You probably don’t know how much it should cost to get your home’s windows washed, yard landscaped or countertops replaced. But Setter does. The startup pairs you with a home improvement concierge familiar with all the vendors, prices and common screwups that plague these jobs. Setter finds the best contractors across handiwork, plumbing, electrical, carpentry and more. It researches options, negotiates a bulk rate and, with its added markup, you pay a competitive price with none of the hassle.

One of the most reliable startup investing strategies is looking at where people spend a ton of money but hate the experience. That makes home improvement a prime target for disruption, and attracted a $10 million Series A round for Setter co-led by Sequoia Capital and NFX. “The main issue is that contractors and homeowners speak different languages,” Setter co-founder and CEO Guillaume Laliberté tells me, “which results in unclear scopes of work, frustrated homeowners who don’t know enough to set up the contractors for success, and frustrated contractors who have to come back multiple times.”

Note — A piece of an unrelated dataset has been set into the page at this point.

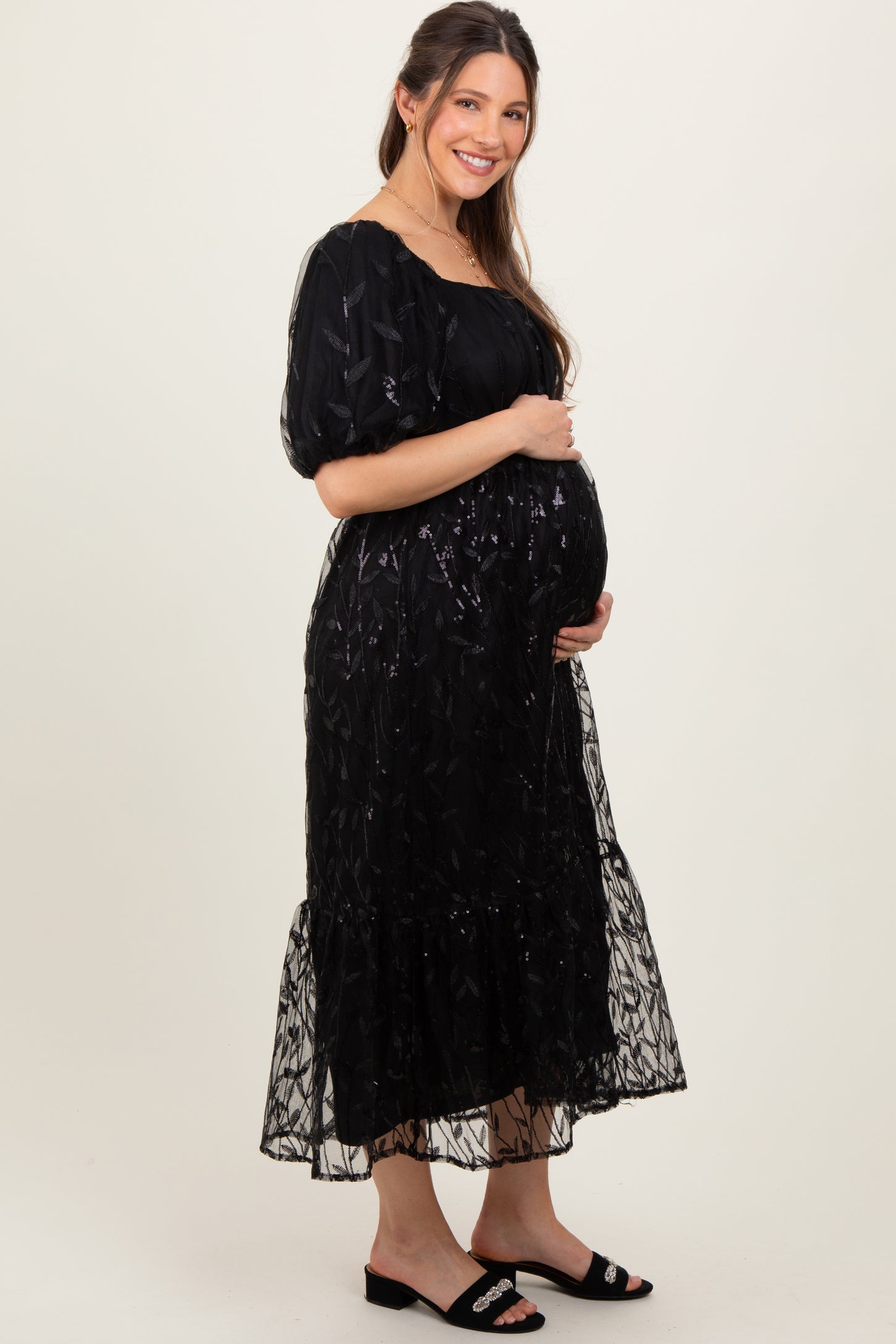 woman wearing a black embroidered maternity dress with puff sleeves and a baby bump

Setter is now available in Toronto and San Francisco, with seven-plus jobs booked per customer per year costing an average of over $500 each, with 70 percent repeat customers. With the fresh cash, it can grow into a household name in those cities, expand to new markets and hire up to build new products for clients and contractors.

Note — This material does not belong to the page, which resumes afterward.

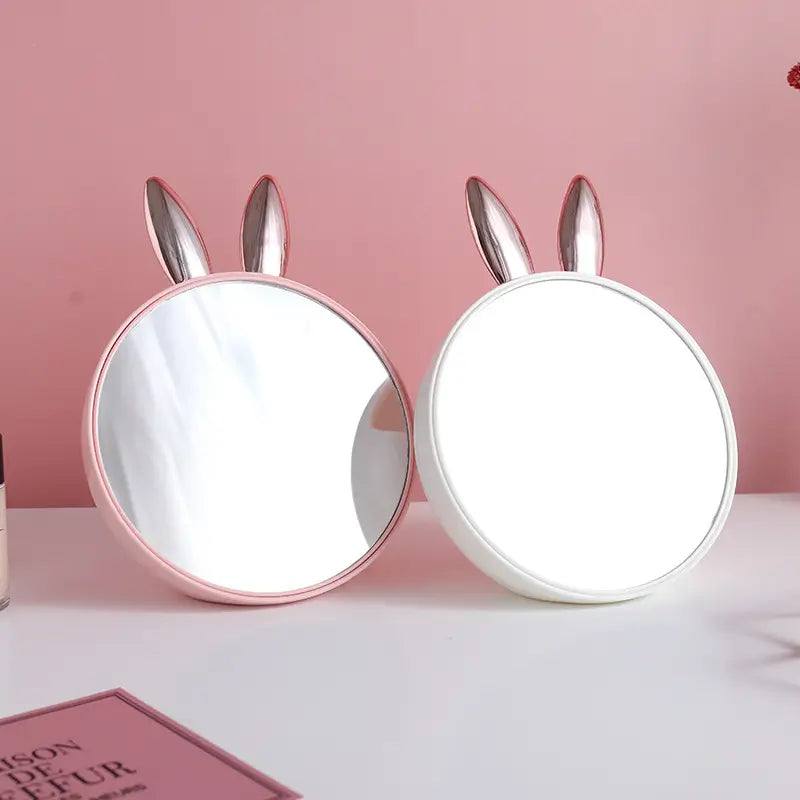 Two round mirrors with bunny ears on a pink background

I asked Laliberté why he cared to start Setter, and he told me “because human lives are made better when you can make essential human activities invisible.” Growing up, his mom wouldn’t let him buy video games or watch TV so he taught himself to code his own games and build his own toys. “I’d saved money to fix consoles and resell them, make beautiful foam swords for real live-action games, buy and resell headphones — anything that people around me wanted really!” he recalls, teaching him the value of taking the work out of other people’s lives.

Meanwhile, his co-founder David Steckel was building high-end homes for the wealthy when he discovered they often had ‘home managers’ that everyone would want but couldn’t afford. What if a startup let multiple homeowners share a manager? Laliberté says Steckel describes it as “I kid you not, the clouds parted, rays of sunlight began to shine through and angels started to sing.” Four days after getting the pitch from Steckel, Laliberté was moving to Toronto to co-found Setter.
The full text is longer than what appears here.